Shift in purchases towards North America and the Middle East
The acquired volumes are divided between 4.5 million barrels of US crude, 500,000 barrels of Western Canadian Select (WCS) from Canada, and two million barrels of Das crude from Abu Dhabi. Several international suppliers are involved in these deliveries: P66 and Equinor will each supply one million barrels of West Texas Intermediate (WTI) Midland, Mercuria will deliver two million barrels of WTI Midland, Vitol will supply one million barrels of WTI Midland and one million barrels of WCS, while Trafigura will ship two million barrels of Das crude. Pricing details have not been disclosed.

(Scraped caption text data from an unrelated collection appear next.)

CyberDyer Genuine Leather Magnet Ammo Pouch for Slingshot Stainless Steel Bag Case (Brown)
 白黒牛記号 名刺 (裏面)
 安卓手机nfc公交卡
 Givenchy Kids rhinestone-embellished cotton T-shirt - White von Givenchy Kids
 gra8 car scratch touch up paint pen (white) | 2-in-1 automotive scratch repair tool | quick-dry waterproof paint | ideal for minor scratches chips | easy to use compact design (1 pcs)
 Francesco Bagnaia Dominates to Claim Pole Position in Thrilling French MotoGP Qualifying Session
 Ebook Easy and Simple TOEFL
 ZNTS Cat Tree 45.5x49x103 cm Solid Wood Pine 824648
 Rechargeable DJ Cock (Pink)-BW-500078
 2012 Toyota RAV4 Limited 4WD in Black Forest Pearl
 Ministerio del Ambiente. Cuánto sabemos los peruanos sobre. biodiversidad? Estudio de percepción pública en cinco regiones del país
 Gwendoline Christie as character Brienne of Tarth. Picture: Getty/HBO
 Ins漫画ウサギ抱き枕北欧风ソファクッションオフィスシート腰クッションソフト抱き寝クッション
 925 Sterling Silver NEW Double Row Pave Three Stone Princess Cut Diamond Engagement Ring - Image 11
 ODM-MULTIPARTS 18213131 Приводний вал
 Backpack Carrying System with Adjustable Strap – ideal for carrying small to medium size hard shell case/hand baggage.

This distribution reflects an adaptation of procurement strategies by Indian refiners, including Bharat Petroleum Corporation Limited (BPCL), Hindustan Petroleum Corporation Limited (HPCL) and Mangalore Refinery and Petrochemicals Limited (MRPL), which have put their usual orders for Russian oil on hold. The price gap between Russian crude and its competitors has narrowed significantly, making North American and Middle Eastern barrels more attractive for the Asian market.
Geopolitical context and pressure on Russian imports
Since the intensification of Western sanctions against Russia in February 2022, India, the world’s third-largest oil importer, had increased its purchases of Russian crude. However, no requests for Russian cargoes have been recorded by major state refiners in recent days, an unusual situation given the volumes usually handled.
International pressure is also increasing on buyers of Russian oil. The United States has issued warnings against continuing such transactions, while the European Union has strengthened its sanctions on Russian energy trade, complicating logistical operations and compliance procedures for Asian companies.
Consequences for the Asian oil market
Indian Oil Corp’s choice to turn to alternative sources highlights the agility of Asian players in the face of volatile price conditions and evolving regulatory frameworks. This shift in oil flows demonstrates refiners’ ability to quickly adjust their logistics according to new economic realities.
Industry observers indicate that these purchasing decisions could herald further adjustments in the coming weeks, as geopolitics and the global market continue to affect the import strategies of major Asian refiners.